Mediation requires parties to a dispute to voluntarily choose to participate in mediation. This may sound obvious but one party must either voice the option of mediation or respond positively to another party’s suggestion to mediate.

Once the parties agree to mediate, they then need to decide on a mediator, a date and a venue.  This can bring the parties swiftly to mediation, particularly where the stay on legal proceedings granted by the court is about to expire, or can lead to further discussions about key aspects of the mediation.


Once the parties have agreed the mediator and details of the mediation, they will prepare an agreed mediation bundle. This will contain documents which the parties feel the mediator must see before the mediation. This is not a trial bundle and contains only what the parties consider to be the essential documents. In addition, each party will be invited to provide a position statement which is exchanged before the mediation. The position statement ought to briefly summarise the issues and the impact as well as the range or type of outcome which is sought. Each party, if they wish, may provide separate information to the mediator only which is not disclosed to the other party.
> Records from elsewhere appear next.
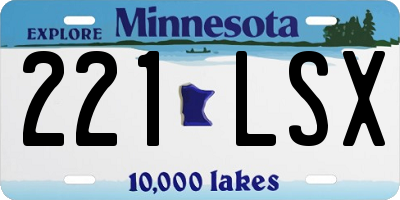 MN license plate 221LSX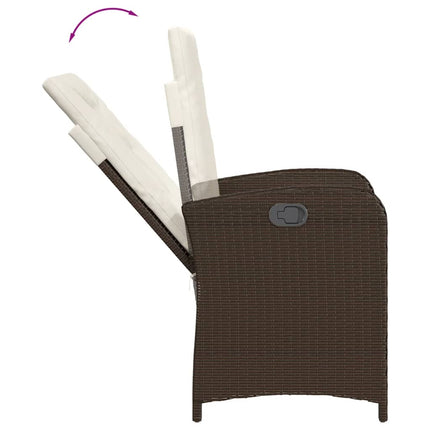 Set da Pranzo da Giardino 9pz con Cuscini Marrone in Polyrattan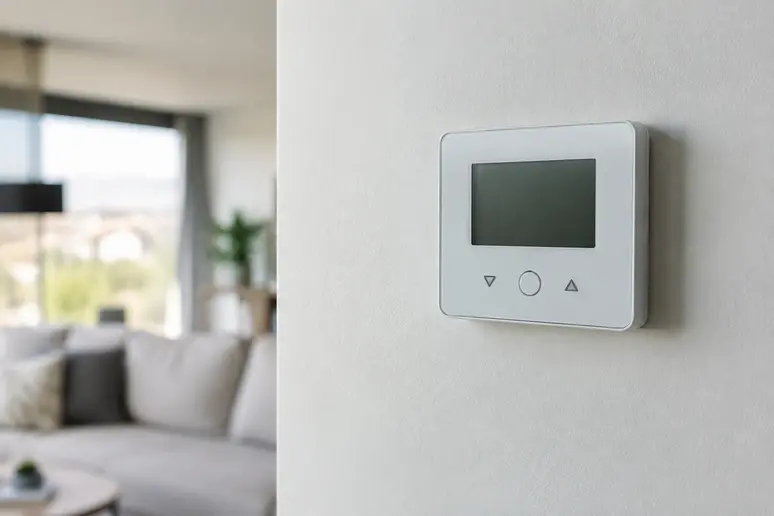 Thermostat d'ambiance mural installé sur une cloison dans une pièce de vie en Lorraine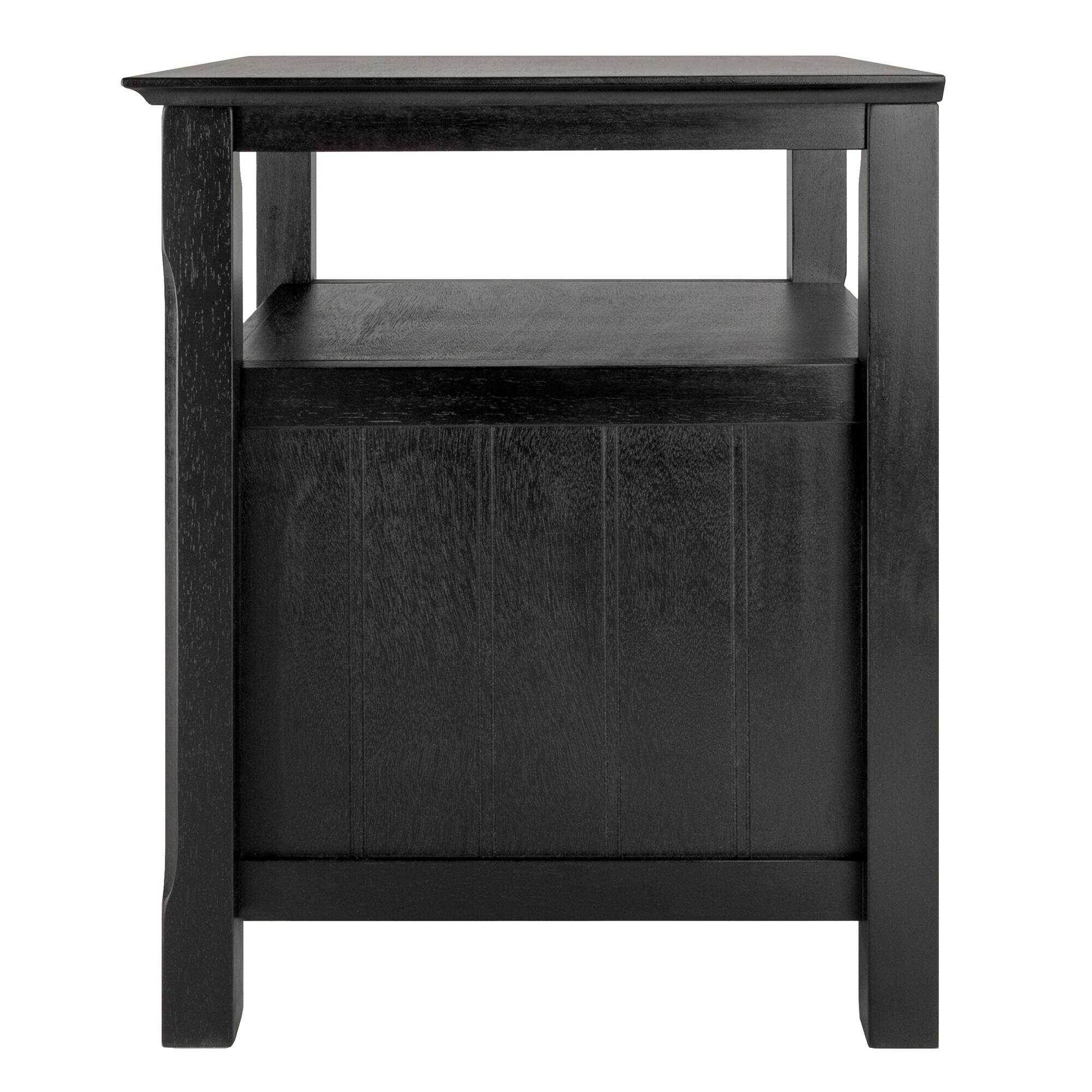 Back. Winsome Wood - Timber Accent Table, Nightstand - Black.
Each mediation is different and the mediator can use the flexibility of the mediation process to meet the parties’ needs. Generally, parties will assemble in their own room before the mediation begins. The mediator will come and see each party; check that everyone is present and has signed the Agreement to Mediate and see whether there are any additional concerns. The parties will then meet with the mediator for a joint opening session followed by a series of private sessions when the mediator will work with the parties to explore where the solution may lie. Once agreement is reached, it is put into writing and when signed by or on behalf of the parties becomes legally enforceable.